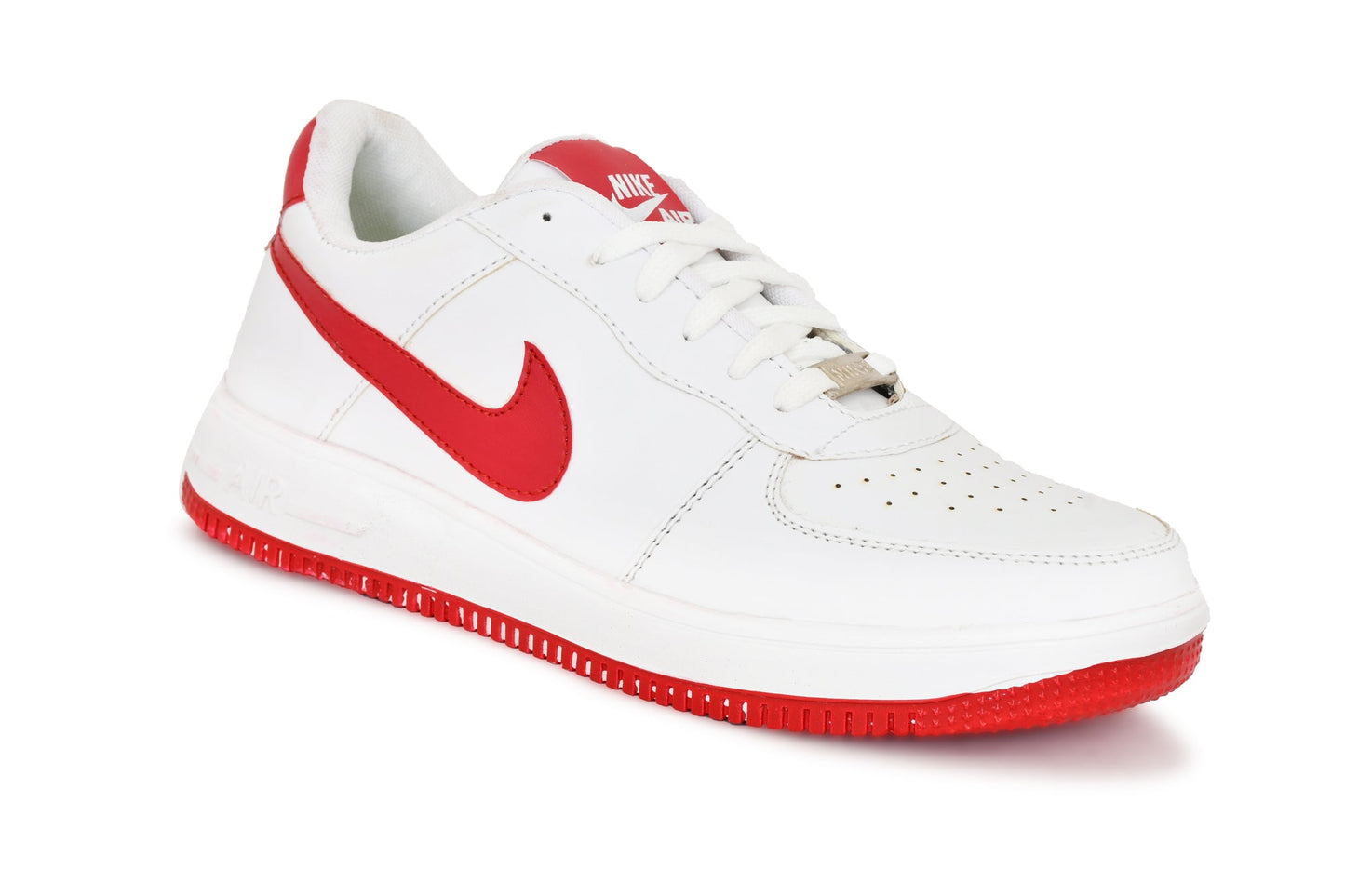 Red men's casual shoes from Drpshippr's men's collection, featuring a comfortable and stylish design for everyday wear.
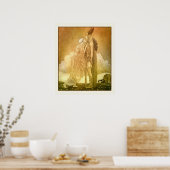 FreyjaとSvipdag by John Bauer 1911 Scandinvian ポスター (キッチン)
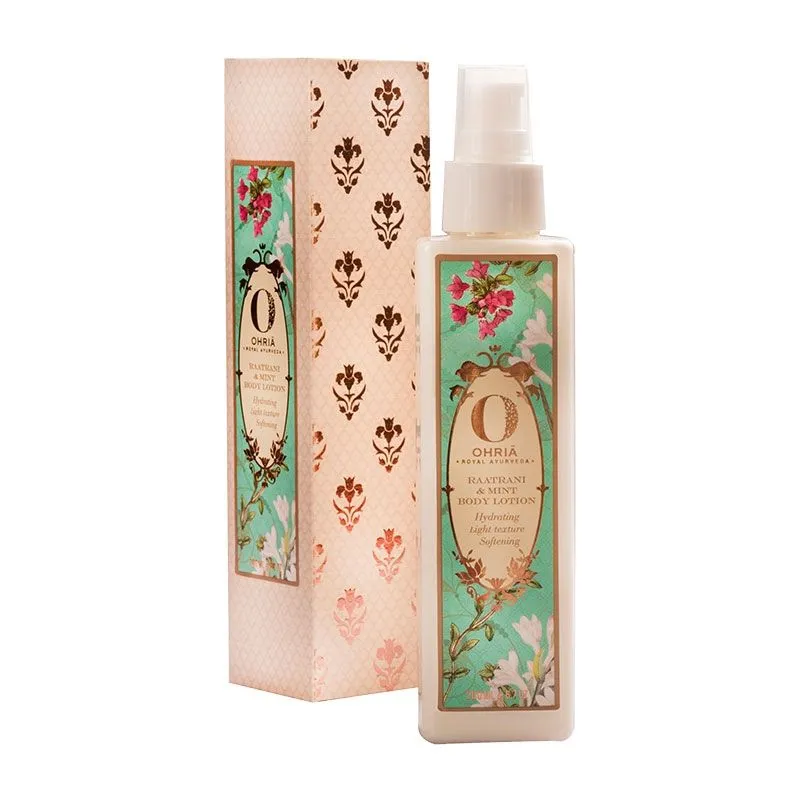 Ohria Ayurveda Raatrani & Mint Body Lotion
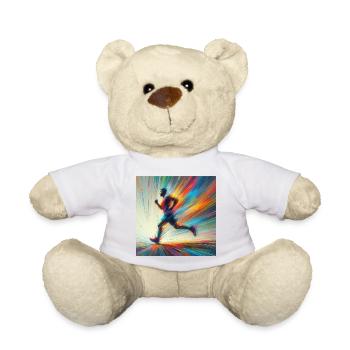 Homme qui court 3 - Nounours - blanc - Devant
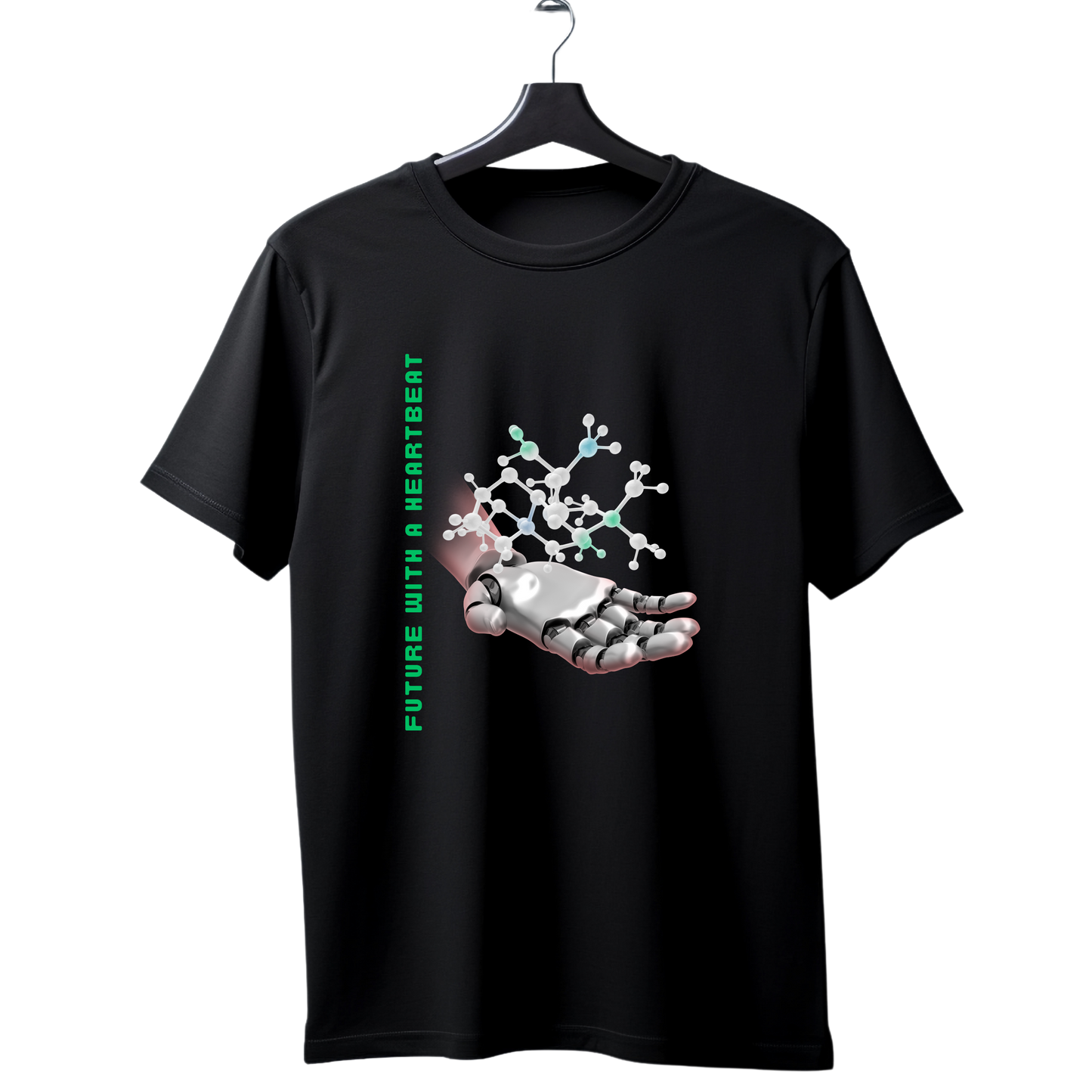 Men’s Printed Cotton T Shirt | Futuristic |Round Neck | Half Sleeves|100% Cotton | Regular Fit T-Shirt | Teens | Teen Vibes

Problem to work on: Exactly as written, give the entries above again, with no images.

Result of this exercise:
 Red men's casual shoes from Drpshippr's men's collection, featuring a comfortable and stylish design for everyday wear.
 FreyjaとSvipdag by John Bauer 1911 Scandinvian ポスター (キッチン)
 Ohria Ayurveda Raatrani & Mint Body Lotion
 Homme qui court 3 - Nounours - blanc - Devant
 Men’s Printed Cotton T Shirt | Futuristic |Round Neck | Half Sleeves|100% Cotton | Regular Fit T-Shirt | Teens | Teen Vibes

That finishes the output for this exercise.